Let's create a ResourceNotFoundException.java class.
package com.companyname.springbootcrudrest.exception;

import org.springframework.http.HttpStatus;
import org.springframework.web.bind.annotation.ResponseStatus;

@ResponseStatus(value = HttpStatus.NOT_FOUND)
public class ResourceNotFoundException extends Exception{

    private static final long serialVersionUID = 1L;

    public ResourceNotFoundException(String message){
        super(message);
    }
}

Customizing Error Response Structure

Default error response provided by Spring Boot contains all the details that are typically needed.
However, you might want to create a framework independent response structure for your organization.
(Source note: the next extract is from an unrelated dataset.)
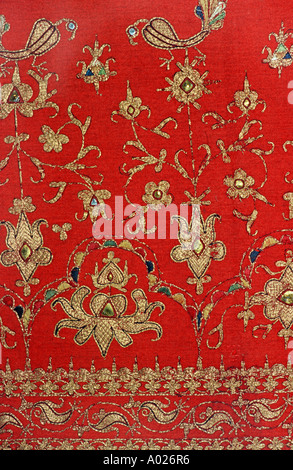 Textiles tissés et brodés avec des fils d'or sur un groundcloth rouge Sumatra Indonésie Asie du sud-est Banque D'Images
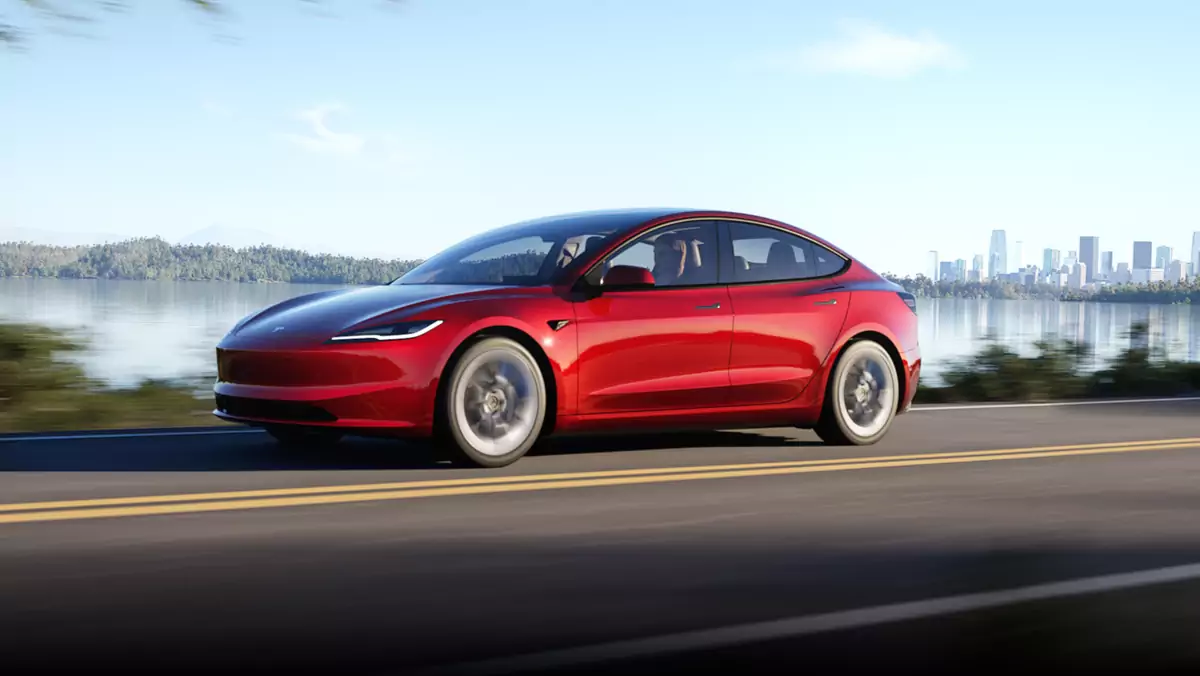 Tesla Model 3 lifting 2023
In that case, you can define a specific error response structure.
Let’s define a simple error response bean.
package com.companyname.springbootcrudrest.exception;

import java.util.Date;

public class ErrorDetails {
    private Date timestamp;
    private String message;
    private String details;

    public ErrorDetails(Date timestamp, String message, String details) {
        super();
        this.timestamp = timestamp;
        this.message = message;
        this.details = details;
    }

    public Date getTimestamp() {
        return timestamp;
    }

    public String getMessage() {
         return message;
    }

    public String getDetails() {
         return details;
    }
}
To use ErrorDetails to return the error response, let’s create a GlobalExceptionHandler class annotated with @ControllerAdvice annotation. This class handles exception-specific and global exceptions in a single place.
package com.companyname.springbootcrudrest.exception;

import java.util.Date;

import org.springframework.http.HttpStatus;
import org.springframework.http.ResponseEntity;
import org.springframework.web.bind.annotation.ControllerAdvice;
import org.springframework.web.bind.annotation.ExceptionHandler;
import org.springframework.web.context.request.WebRequest;

@ControllerAdvice
public class GlobalExceptionHandler {
    @ExceptionHandler(ResourceNotFoundException.class)
    public ResponseEntity<?> resourceNotFoundException(ResourceNotFoundException ex, WebRequest request) {
         ErrorDetails errorDetails = new ErrorDetails(new Date(), ex.getMessage(), request.getDescription(false));
         return new ResponseEntity<>(errorDetails, HttpStatus.NOT_FOUND);
    }

    @ExceptionHandler(Exception.class)
    public ResponseEntity<?> globleExcpetionHandler(Exception ex, WebRequest request) {
        ErrorDetails errorDetails = new ErrorDetails(new Date(), ex.getMessage(), request.getDescription(false));
        return new ResponseEntity<>(errorDetails, HttpStatus.INTERNAL_SERVER_ERROR);
    }
}

9. Running Application

This spring boot application has an entry point Java class called Application.java with the public static void main(String[] args) method, which you can run to start the application.
import org.springframework.boot.SpringApplication;

import org.springframework.boot.autoconfigure.SpringBootApplication;

@SpringBootApplication
public class Application {

    public static void main(String[] args) {
        SpringApplication.run(Application.class, args);
    }
}
The main() method uses Spring Boot’s SpringApplication.run() method to launch an application.
Or you can start the spring boot application via the command line using the below command:
$ mvn spring-boot:run

Testing REST APIs

Use below Rest endpoints to test CRUD Rest APIs and in Angular application.

Get All Employees:

HTTP Method: GET
http://localhost:8080/springboot-crud-rest/api/v1/employees

Get Employee By Id:

HTTP Method GET
http://localhost:8080/springboot-crud-rest/api/v1/employees/{employeeId}

Create Employee:

HTTP Method - POST
http://localhost:8080/springboot-crud-rest/api/v1/employees

Update Employee

HTTP Method - PUT
http://localhost:8080/springboot-crud-rest/api/v1/employees/{employeeId}

Delete Employee By Id:

HTTP Method - DELETE
http://localhost:8080/springboot-crud-rest/api/v1/employees/{employeeId}

This completes the development of Spring boot CRUD Rest APIs.

What's next? 

In this part 1, we have developed CRUD (Create, Read, Update, and Delete) REST APIs using Spring Boot.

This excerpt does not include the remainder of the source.